WHAT YOU NEED TO DO: Nothing in the copy should be a picture; everything else in the listing is to be restated exactly.
══ GIVEN DATA
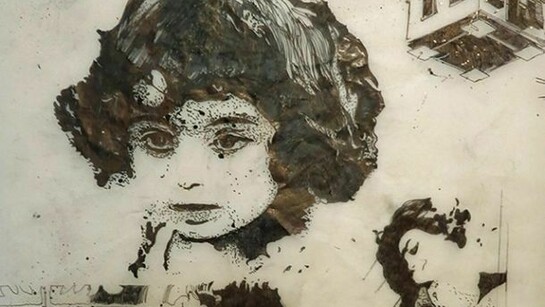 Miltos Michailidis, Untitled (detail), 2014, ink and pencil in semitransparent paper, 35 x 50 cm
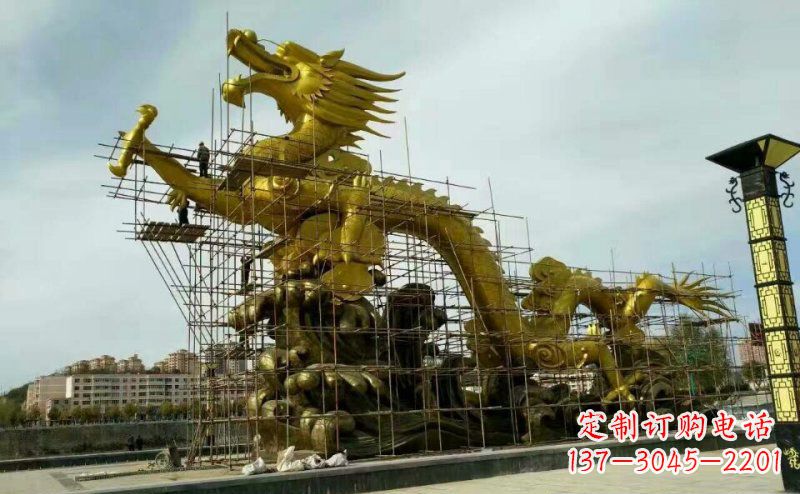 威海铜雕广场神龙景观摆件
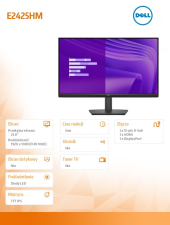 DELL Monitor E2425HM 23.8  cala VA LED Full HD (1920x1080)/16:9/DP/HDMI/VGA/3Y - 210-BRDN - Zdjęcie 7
════
RESPONSE TO THIS EXERCISE:
 Miltos Michailidis, Untitled (detail), 2014, ink and pencil in semitransparent paper, 35 x 50 cm
 威海铜雕广场神龙景观摆件
 DELL Monitor E2425HM 23.8  cala VA LED Full HD (1920x1080)/16:9/DP/HDMI/VGA/3Y - 210-BRDN - Zdjęcie 7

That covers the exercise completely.